Ook het aantal tieners dat met justitie in aanraking komt neemt al jaren af. Tegen die trend in neemt het aantal ernstige geweldsdelicten door jonge daders wel toe. Het aantal zaken waarbij minderjarigen worden verdacht van moord of een poging daartoe is in het afgelopen jaar meer dan verdubbeld. Tot half november waren er in het afgelopen jaar 64 moorden en moordpogingen door minderjarigen, tegenover 25 in dezelfde periode in 2020, zo blijkt uit cijfers die het AD onlangs opvroeg. Ook onder jongvolwassenen tussen de achttien en 21 jaar was er een toename: 76 zaken, tegenover 51 in dezelfde periode in 2020.
De verontrustende stijging zet door, zo zei procureur-generaal Gerrit van der Burg, de hoogste man bij het Openbaar Ministerie tegen de krant. Ook hij ziet dat geweldgebruik toeneemt: ‘De jeugd heeft meer messen, en het is aan te nemen dat er een verband is tussen het groeiend aantal jongeren met messen of vuurwapens en geweld. Zeker in de puberleeftijd geldt: als je een mes bij je hebt, gebruik je het ook eerder. In de drillrap wordt het gebruik van geweld openlijk verheerlijkt. Wat je ziet is dat die jongeren eigenlijk allemaal kwetsbare achtergronden hebben met niet al te veel structuur. Het gaat om jongeren die al met criminaliteit in aanraking zijn geweest, maar ook om jongeren die plotseling in de criminaliteit raken. Vaak is er al iets aan de hand in de sfeer van hulpverlening en spijbelen bijvoorbeeld.’

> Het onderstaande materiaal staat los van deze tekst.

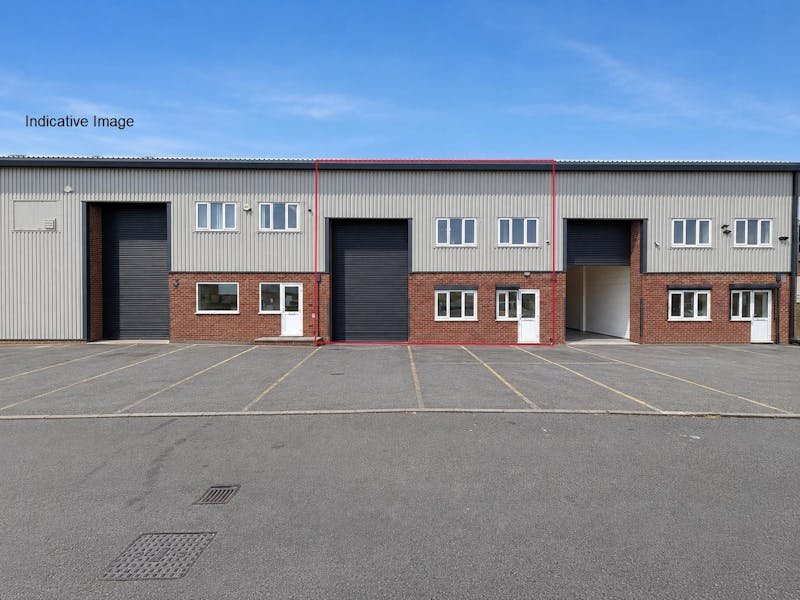 Industrial in Basingstoke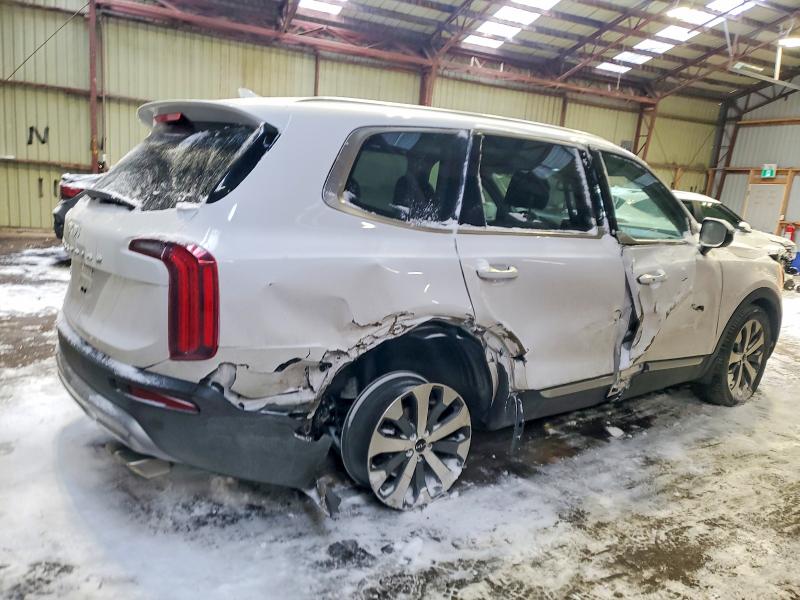 Photo 3 from auction – 2022 KIA TELLURIDE with VIN 5XYP5DHC2NG263016
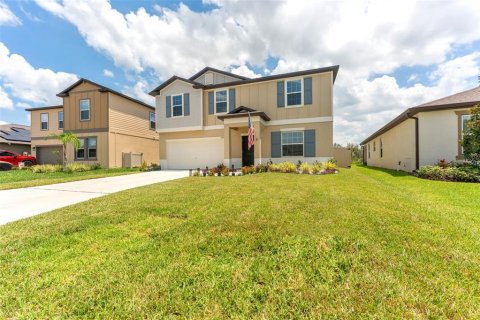 Villa ou maison à vendre à Plant City, Floride: 4 chambres, 244.61 m2 № 1884963 - photo 4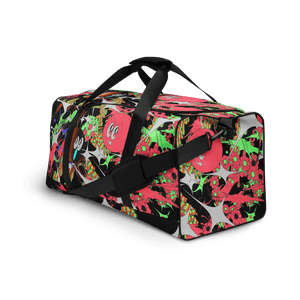 Enorgy® All - Over Print Duffle Bag (Limited) - Kikillo Club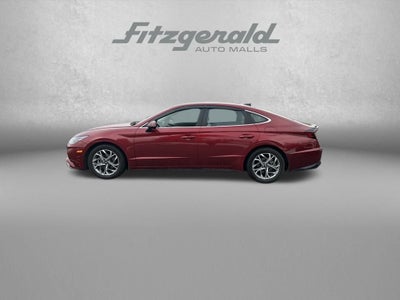 2023 Hyundai SONATA SEL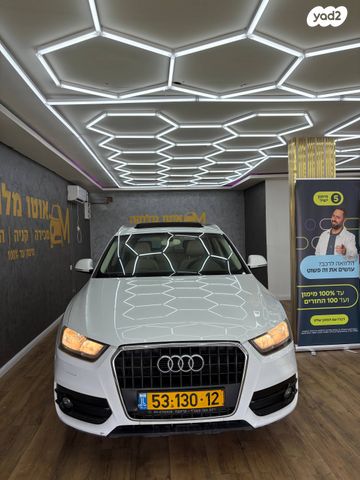 מודעת רכב אאודי Q3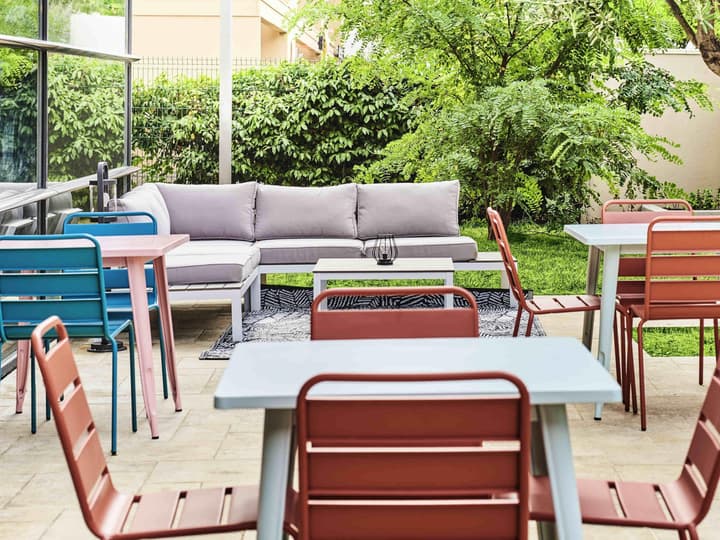 ibis styles Paris Gennevilliers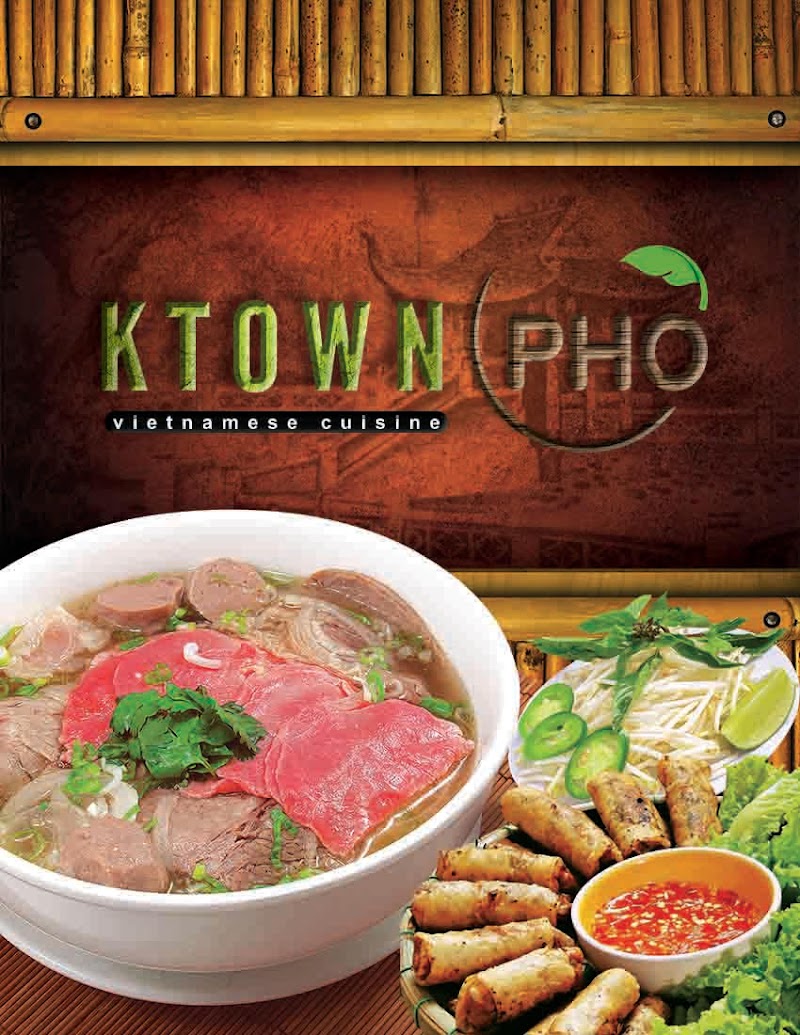 KTOWN PHO photo 2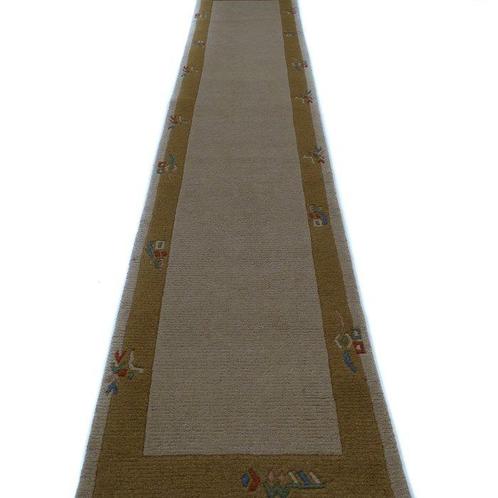 Nepal - Loper - 340 cm - 71 cm, Huis en Inrichting, Stoffering | Tapijten en Kleden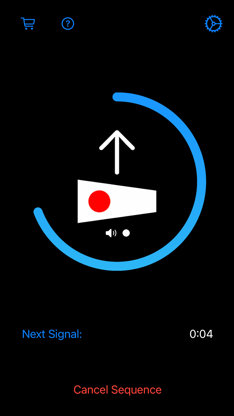 Regatta Clock screenshot 1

‘In het algemeen zijn we nogal geneigd om trends te concluderen op basis van wat we nu zien’, zegt criminoloog Marijke Drogt, die als docent toegepaste psychologie werkt. ‘Volgens mij is het psychologisch te verklaren dat we dat doen, maar je zou het moeten onderzoeken om te kunnen zeggen dat het tien of vijftien geleden allemaal minder erg was en of het hierna weer afneemt of doorzet. Daar kan ik dus niet veel over zeggen, anders dan dat er onderzoek naar gedaan moet worden.’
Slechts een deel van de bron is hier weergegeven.